- To do
Pictures in the data should be dropped; transcribe exactly the lines from the one that has "С НАКЪСАН ЕФЕКТ" through the one that has "2 Yew Tree Drive".
Records shown below:
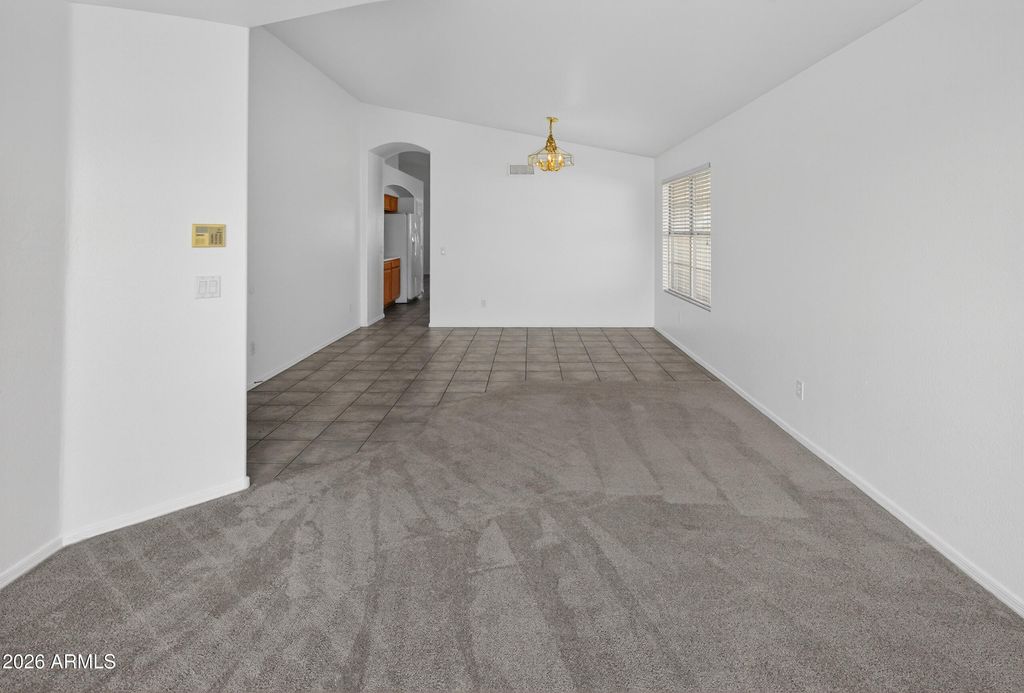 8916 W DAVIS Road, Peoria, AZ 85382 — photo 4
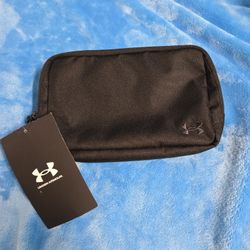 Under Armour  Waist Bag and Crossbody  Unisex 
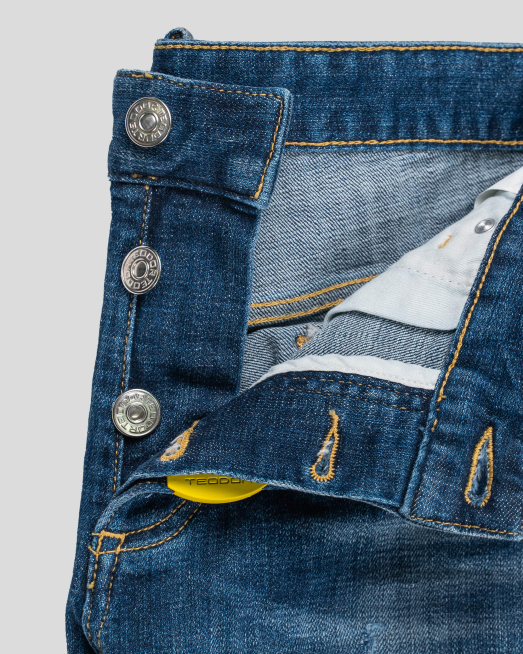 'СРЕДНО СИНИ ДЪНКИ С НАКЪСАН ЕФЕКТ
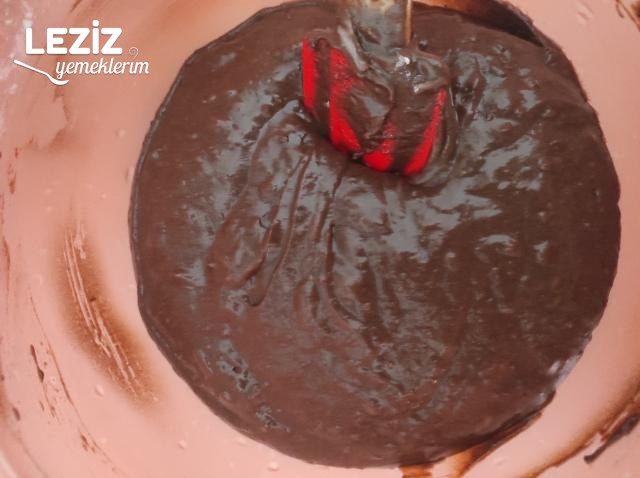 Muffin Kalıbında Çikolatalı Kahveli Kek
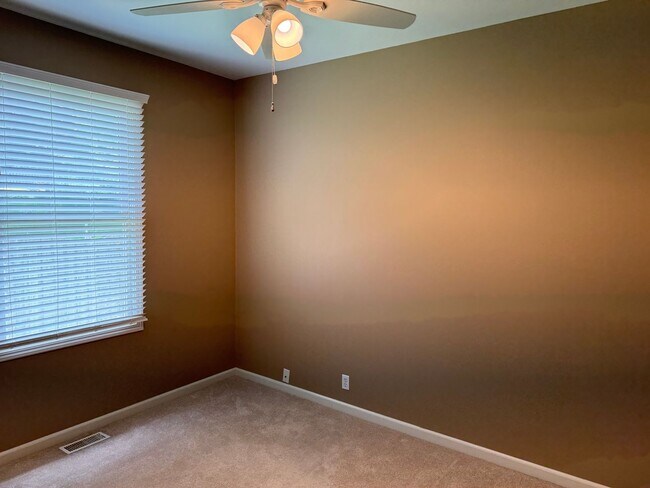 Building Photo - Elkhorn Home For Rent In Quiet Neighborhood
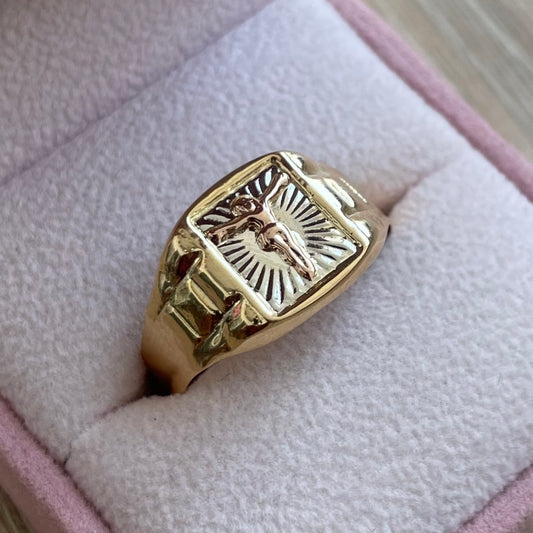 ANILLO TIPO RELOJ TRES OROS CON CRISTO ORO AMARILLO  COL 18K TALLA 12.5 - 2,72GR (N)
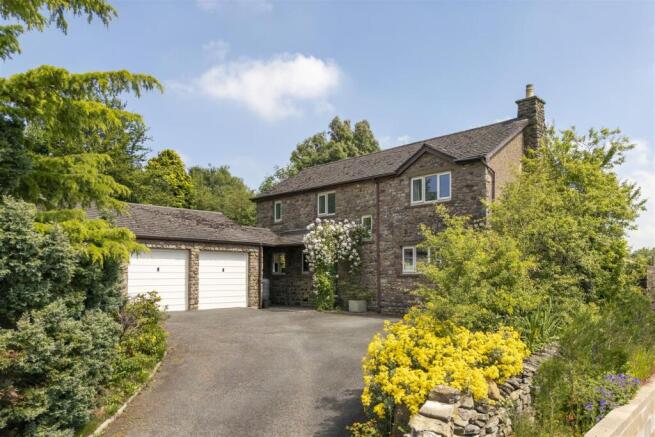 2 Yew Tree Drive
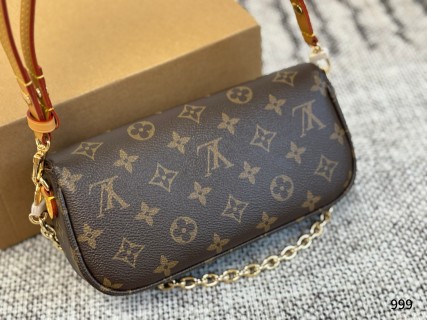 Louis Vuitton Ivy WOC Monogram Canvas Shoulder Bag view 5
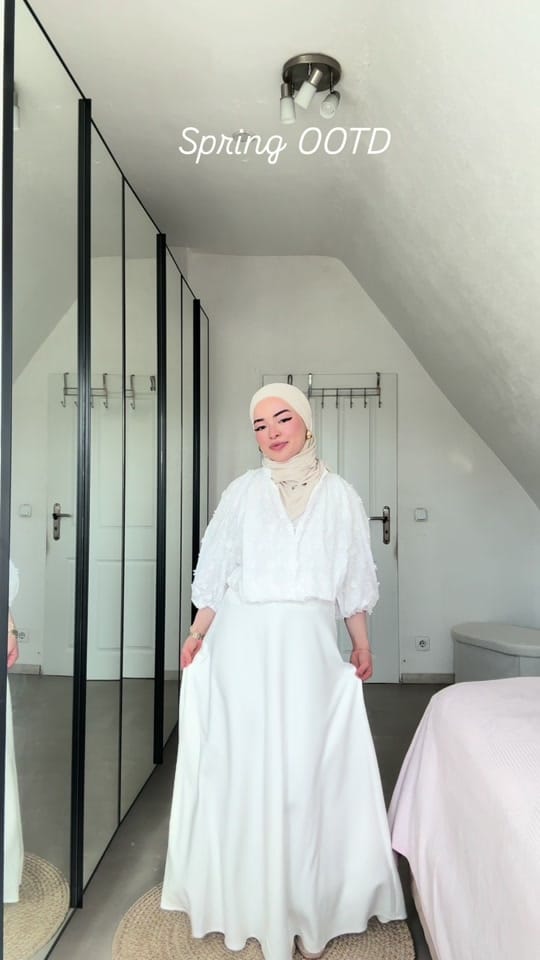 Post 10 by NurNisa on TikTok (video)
End of Records shown.
- Result for this task
 'СРЕДНО СИНИ ДЪНКИ С НАКЪСАН ЕФЕКТ
 Muffin Kalıbında Çikolatalı Kahveli Kek
 Building Photo - Elkhorn Home For Rent In Quiet Neighborhood
 ANILLO TIPO RELOJ TRES OROS CON CRISTO ORO AMARILLO  COL 18K TALLA 12.5 - 2,72GR (N)
 2 Yew Tree Drive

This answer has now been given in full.